An advocacy group filed a shareholder resolution requesting that Microsoft study the impacts of making repair resources readily available to the public. The company hasn’t commented, but it referenced its existing efforts in the field of repair.
As You Sow, an environmental advocacy organization, on June 24 announced the resolution. The document outlines the current legislative momentum on right-to-repair at the state and federal levels, and it juxtaposes Microsoft’s environmental record in other areas with its stance on consumer repair.
“Microsoft is a corporate leader in pledging to take substantial action to reduce climate emissions,” the resolution states. “Yet our Company actively restricts consumer access to device repairability, undermining our sustainability commitments by failing to recognize a fundamental [principle] of electronics sustainability: that overall device environmental impact is principally determined by the length of its useful lifetime.”
As far as specific actions, the resolution asks Microsoft to “prepare a report, at reasonable cost and omitting proprietary information, on the environmental and social benefits of making Company devices more easily repairable by consumers and independent repair shops.”
Through the resolution process, shareholders may be asked to vote on the measure at the company’s annual shareholder meeting.
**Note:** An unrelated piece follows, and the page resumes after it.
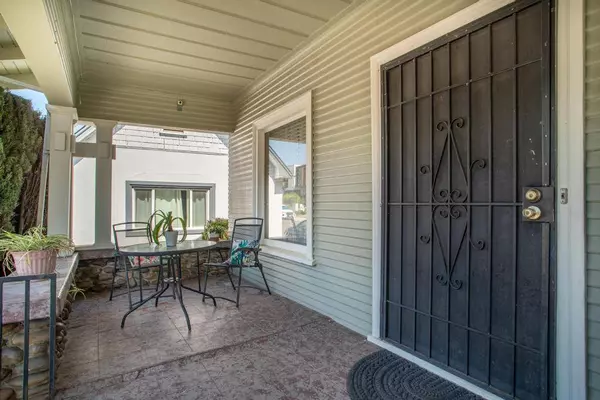 1027 Yale ST, Sacramento, CA 95818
Microsoft declined to comment on the shareholder resolution, but a company spokesperson pointed to Microsoft’s Devices Sustainability Report for the 2020 fiscal year. The report includes details about the company’s efforts to improve repairability of recent devices such as the Surface Laptop 3. The company highlighted the shift in response from iFixit, which rates devices on their repairability.
“In just two years, new innovations transformed the laptop from a so-called nonrepairable ‘glue-filled monstrosity‘ to achieving a repairability rating of 5 out of 10, calling out its ‘clever design,'” the Microsoft report stated.
The report also notes that “designing for and promoting repair, refurbishment and reuse of devices” is a key component of Microsoft’s “Ecodesign” program, which plays into its product design process.
As You Sow has been active in the plastics sector for years, criticizing major brand owners for falling short of pollution reduction targets and using the shareholder resolution process to pressure major recycling firms into releasing data. This is the organization’s first foray into the electronics right-to-repair issue.
Kelly McBee, waste program coordinator at As You Sow, said Microsoft is facilitating premature disposal of its devices by restricting repair access.
To take genuine action on sustainability and ease pressure on extraction of limited resources including precious metals, the company must extend the useful life of its devices by facilitating widespread access to repair,” she said in the announcement.